PBNYC, while still young, has already made critical strides in reversing years of these practices and achieving its ultimate goals. Several candidates for the 2020 municipal elections in New York have pledged their support for the public bank. The New York City Council is considering The Banque Populaire Law, a set of bills that would lay the foundations for a public bank, starting with more clarity and transparency around the current system and leading to the development of a business plan and the drafting of the bank’s statutes. Starting in April 2021, New York City will no longer deposit funds with Wells Fargo, following reports that in 2020 the bank turned down more applications from black homeowners than it has accepted. Wells Fargo, as New Economy Project associate director and board member Sandy Nurse wrote, denied black candidates a crucial opportunity to lock in low interest rates and build generational wealth.

At the state level, currently 87 state legislators and more than 100 groups support the New York Public Banking Act which would create legal and regulatory frameworks for local public banks that reflect the coalition’s vision for racial justice and economic and transformational change.

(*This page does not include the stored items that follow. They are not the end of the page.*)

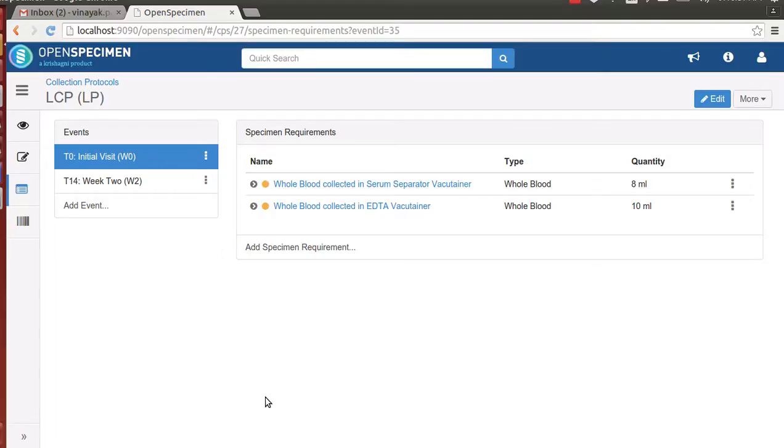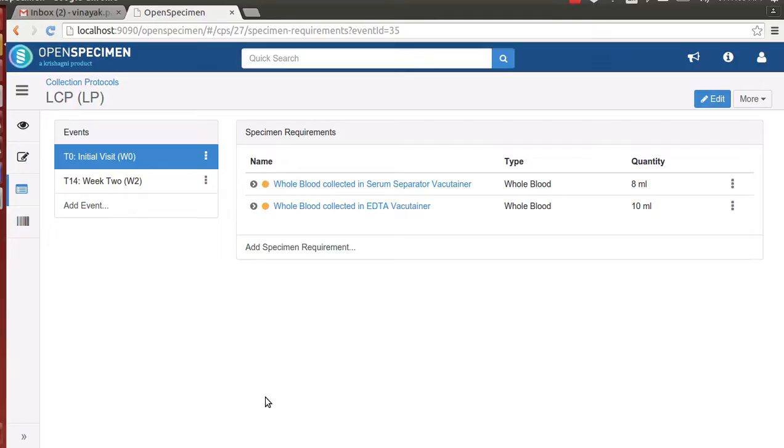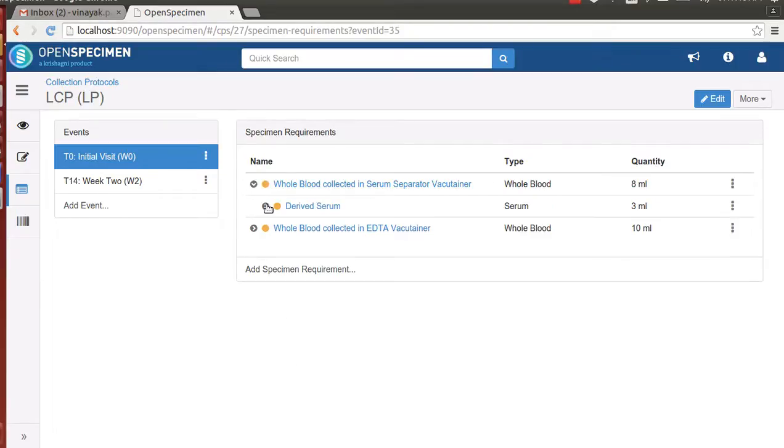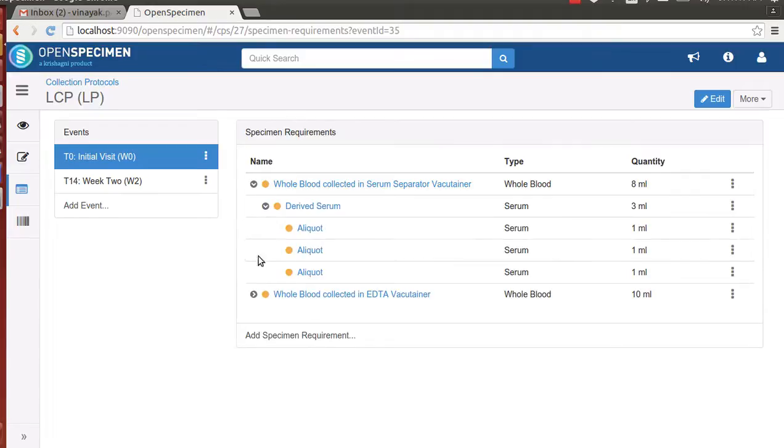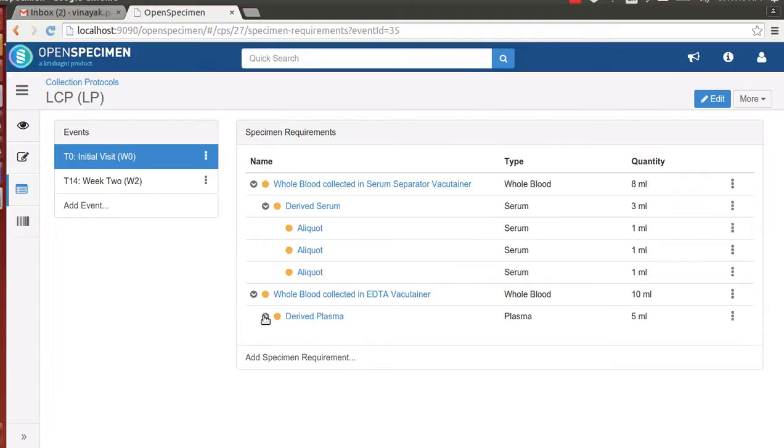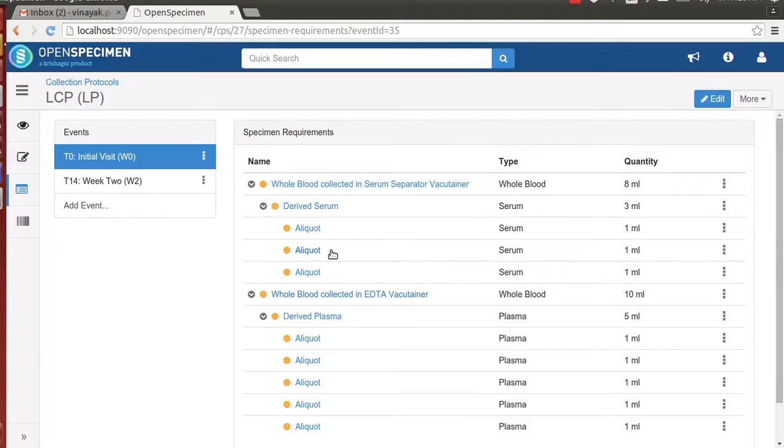Each of these events are identified by a short code W0 and W2 respectively. The initial visit event is made up of two primary specimens: whole blood in serum separated vacutainer and whole blood in EDTA vacutainer. Each of these primary specimens have aliquots as can be seen on the screen. We have three serum aliquots and five plasma aliquots.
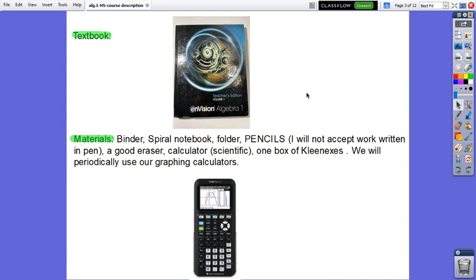A good eraser, sharpener, calculator scientific. But the best that you can do this year, because you are preparing for the external exams ACT Math Level 1, it will be the graphing calculator, the Texas Instruments.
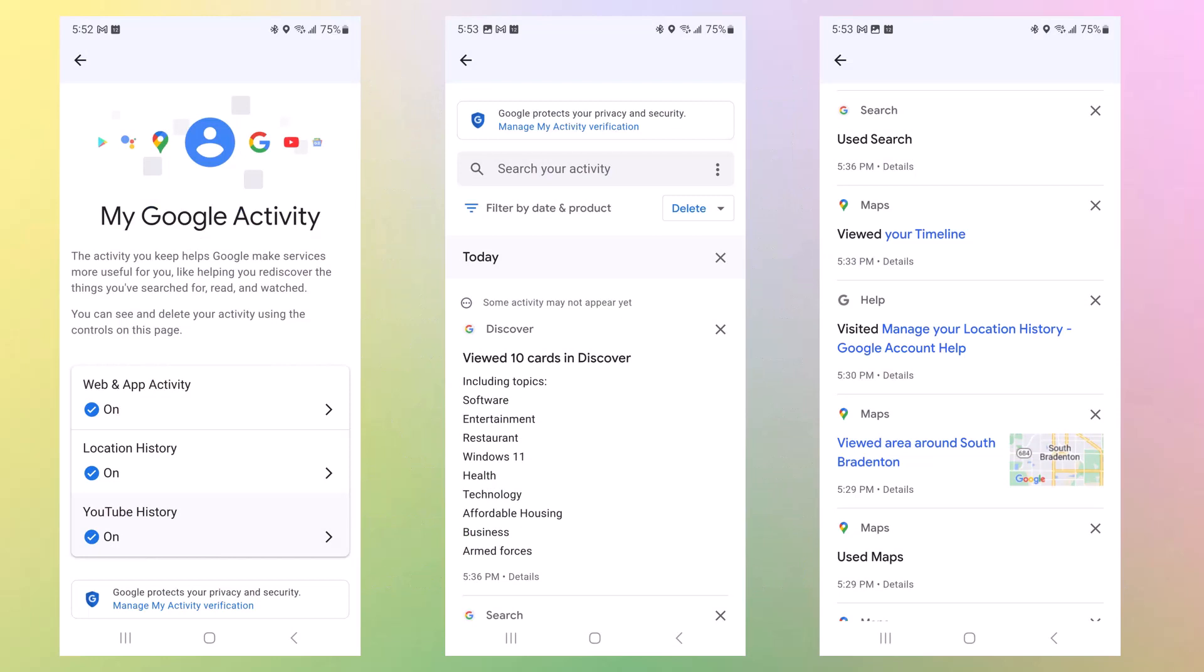This is what it looks like on my Android phone, which is a Samsung Galaxy S22 Ultra. Activity is on, my location history is on, and my YouTube history is on. And then under Today, I viewed some cards in Discover. In other words, I was looking for something. Then I used the search, and then I viewed my timeline. I visited Manage Your Location History, Google account help. Then I viewed the area around South Bradenton, and I used the maps. There are X's next to each one of those in which you can remove them from your activities.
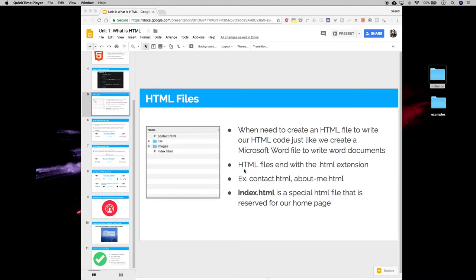Some examples of the names of HTML files could be contact.html or aboutme.html. You can name the files whatever you choose.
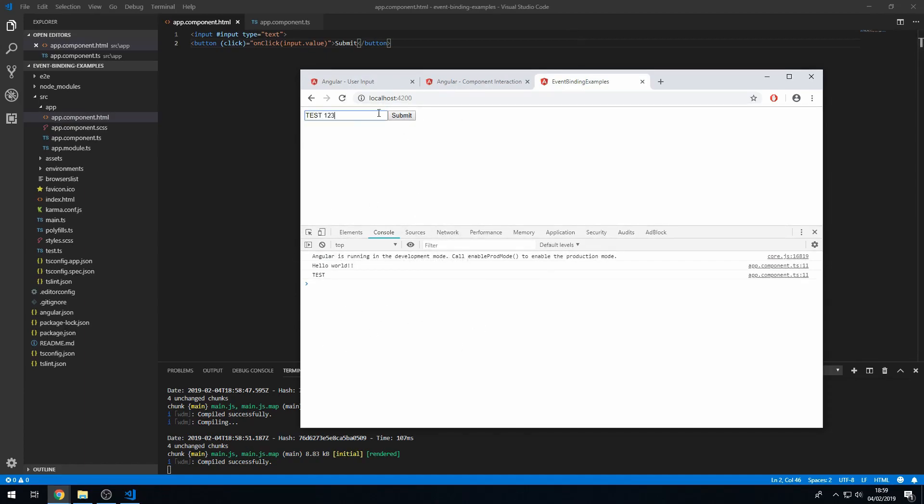One, two, three, submit. ABC, submit. There you go. So that's how you do something a bit more advanced with the inbuilt events on HTML elements.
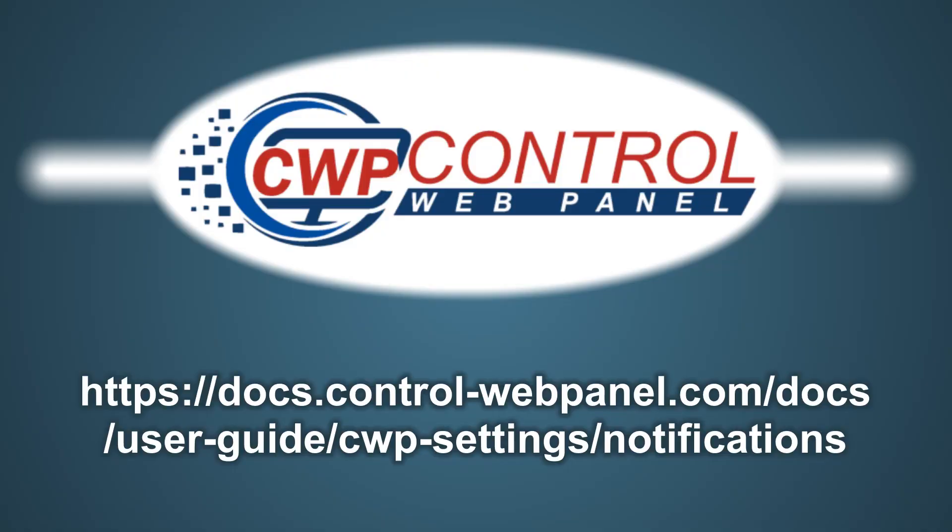And that's how to use the Notification Center in CWP User Panel. For more information, please consult the CWP User Guide at the following link. I hope you found this tutorial useful.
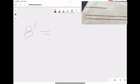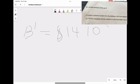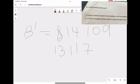So in this case, our numbers, or our answer, would be 8, 14, 10, 9, 13, 11, 7, and 5.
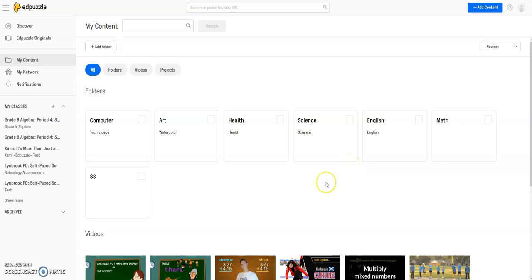To share one of your EdPuzzles for this class, or anytime you want to share an EdPuzzle with another teacher, here's what you're going to do.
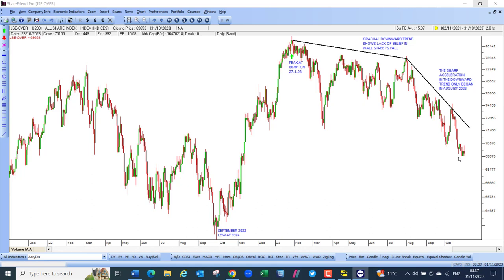The consumer price index in South Africa rose for the second month in a row to 5.4%, driven by food and fuel prices. Core inflation, which excludes food and fuel, fell to 4.5%. South Africa is suffering from the twin impacts of a rising oil price and a falling rand. Petrol is at its highest price for over a year. The rise in inflation will impact the MPC's decision on whether to raise interest rates in November, especially given the possibility of a further rate hike in the US.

The struggle extends beyond New York and the state – the Philadelphia City Council recently passed legislation laying the groundwork for a public bank. Other efforts to establish a public bank at the state and regional level are underway in Massachusetts and East Bay. The California State Legislature passed a public banking bill in 2019. There’s even progress nationwide: Rep. Rashida Tlaib and nine co-sponsors introduced the Public Banking Act in 2020.

The PBNYC campaign pushes back against the exploitative and extractive practices of Wall Street and gives momentum to institutions that put the public good first. If elected officials in New York are committed to repairing the damage wrought by decades of disinvestment in black and brown communities, they should leverage the vast economic resources at their disposal to prioritize community-driven economic development, by especially for the most underserved and harmed people. by the financial sector.

A public bank is the foundation of this process, ensuring that public money is used for the public good.

Lebaron Sims is associate director of policy and research at Demos.